Web page caption snippets:
☆ ☆ ☆ ☆ ☆

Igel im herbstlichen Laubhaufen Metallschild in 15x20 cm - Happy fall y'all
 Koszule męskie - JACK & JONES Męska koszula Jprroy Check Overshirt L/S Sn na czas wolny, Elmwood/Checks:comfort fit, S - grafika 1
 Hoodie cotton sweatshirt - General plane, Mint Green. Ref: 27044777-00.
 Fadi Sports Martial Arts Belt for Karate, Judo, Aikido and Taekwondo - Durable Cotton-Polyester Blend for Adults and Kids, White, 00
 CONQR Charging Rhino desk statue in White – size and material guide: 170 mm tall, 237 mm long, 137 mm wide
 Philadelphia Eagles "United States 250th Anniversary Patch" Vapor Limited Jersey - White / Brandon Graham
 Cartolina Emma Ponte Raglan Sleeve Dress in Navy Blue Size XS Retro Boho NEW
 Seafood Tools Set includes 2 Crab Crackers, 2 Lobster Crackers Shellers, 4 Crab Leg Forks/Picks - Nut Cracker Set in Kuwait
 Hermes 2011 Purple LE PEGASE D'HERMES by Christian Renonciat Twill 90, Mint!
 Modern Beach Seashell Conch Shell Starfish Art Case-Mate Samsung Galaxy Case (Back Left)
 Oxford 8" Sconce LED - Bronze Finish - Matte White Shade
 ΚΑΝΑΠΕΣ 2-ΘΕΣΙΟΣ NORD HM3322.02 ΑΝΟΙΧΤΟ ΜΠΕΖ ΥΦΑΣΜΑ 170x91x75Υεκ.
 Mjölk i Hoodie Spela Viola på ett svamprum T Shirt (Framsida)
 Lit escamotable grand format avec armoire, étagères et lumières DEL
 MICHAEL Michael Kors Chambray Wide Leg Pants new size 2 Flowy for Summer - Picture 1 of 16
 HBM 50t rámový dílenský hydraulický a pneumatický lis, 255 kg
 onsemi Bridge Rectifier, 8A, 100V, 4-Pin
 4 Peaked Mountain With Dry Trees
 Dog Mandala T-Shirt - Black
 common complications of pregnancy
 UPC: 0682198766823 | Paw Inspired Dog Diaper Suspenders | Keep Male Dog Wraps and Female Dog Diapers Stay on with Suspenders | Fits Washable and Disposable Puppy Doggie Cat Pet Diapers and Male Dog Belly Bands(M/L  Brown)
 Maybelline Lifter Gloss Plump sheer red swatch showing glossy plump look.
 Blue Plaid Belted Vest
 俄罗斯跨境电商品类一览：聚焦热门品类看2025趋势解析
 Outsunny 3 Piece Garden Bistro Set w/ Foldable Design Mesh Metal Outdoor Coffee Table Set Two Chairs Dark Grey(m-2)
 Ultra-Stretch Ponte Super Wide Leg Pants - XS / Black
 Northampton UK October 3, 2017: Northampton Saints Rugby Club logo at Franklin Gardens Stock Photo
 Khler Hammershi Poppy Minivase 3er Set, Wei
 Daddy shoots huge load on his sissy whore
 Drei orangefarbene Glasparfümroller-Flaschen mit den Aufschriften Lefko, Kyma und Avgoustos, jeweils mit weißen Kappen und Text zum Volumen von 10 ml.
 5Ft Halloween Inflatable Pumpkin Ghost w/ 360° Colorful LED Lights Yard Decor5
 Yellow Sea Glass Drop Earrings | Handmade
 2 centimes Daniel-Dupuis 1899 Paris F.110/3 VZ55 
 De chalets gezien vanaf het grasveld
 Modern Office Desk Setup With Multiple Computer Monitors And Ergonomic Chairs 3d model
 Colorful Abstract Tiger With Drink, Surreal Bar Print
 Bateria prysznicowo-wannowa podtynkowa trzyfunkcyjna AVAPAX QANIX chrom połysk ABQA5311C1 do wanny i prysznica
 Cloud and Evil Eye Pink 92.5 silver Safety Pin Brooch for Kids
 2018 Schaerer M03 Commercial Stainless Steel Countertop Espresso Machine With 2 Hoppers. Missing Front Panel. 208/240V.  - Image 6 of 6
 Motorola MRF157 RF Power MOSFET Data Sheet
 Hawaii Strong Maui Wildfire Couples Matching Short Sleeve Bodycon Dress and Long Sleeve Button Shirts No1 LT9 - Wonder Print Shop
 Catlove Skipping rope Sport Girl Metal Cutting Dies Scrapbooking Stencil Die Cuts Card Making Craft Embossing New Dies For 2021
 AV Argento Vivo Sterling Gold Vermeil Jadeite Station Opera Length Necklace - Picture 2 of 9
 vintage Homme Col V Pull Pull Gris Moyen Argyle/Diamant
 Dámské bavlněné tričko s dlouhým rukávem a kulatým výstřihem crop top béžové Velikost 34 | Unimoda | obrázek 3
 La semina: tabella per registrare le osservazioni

☆ ☆ ☆ ☆ ☆

▶ Task to carry out
Starting at the line that contains "Hawaii Strong Maui", output every remaining line of the data exactly, and stop after the last one.

▶ Output of the task
 Hawaii Strong Maui Wildfire Couples Matching Short Sleeve Bodycon Dress and Long Sleeve Button Shirts No1 LT9 - Wonder Print Shop
 Catlove Skipping rope Sport Girl Metal Cutting Dies Scrapbooking Stencil Die Cuts Card Making Craft Embossing New Dies For 2021
 AV Argento Vivo Sterling Gold Vermeil Jadeite Station Opera Length Necklace - Picture 2 of 9
 vintage Homme Col V Pull Pull Gris Moyen Argyle/Diamant
 Dámské bavlněné tričko s dlouhým rukávem a kulatým výstřihem crop top béžové Velikost 34 | Unimoda | obrázek 3
 La semina: tabella per registrare le osservazioni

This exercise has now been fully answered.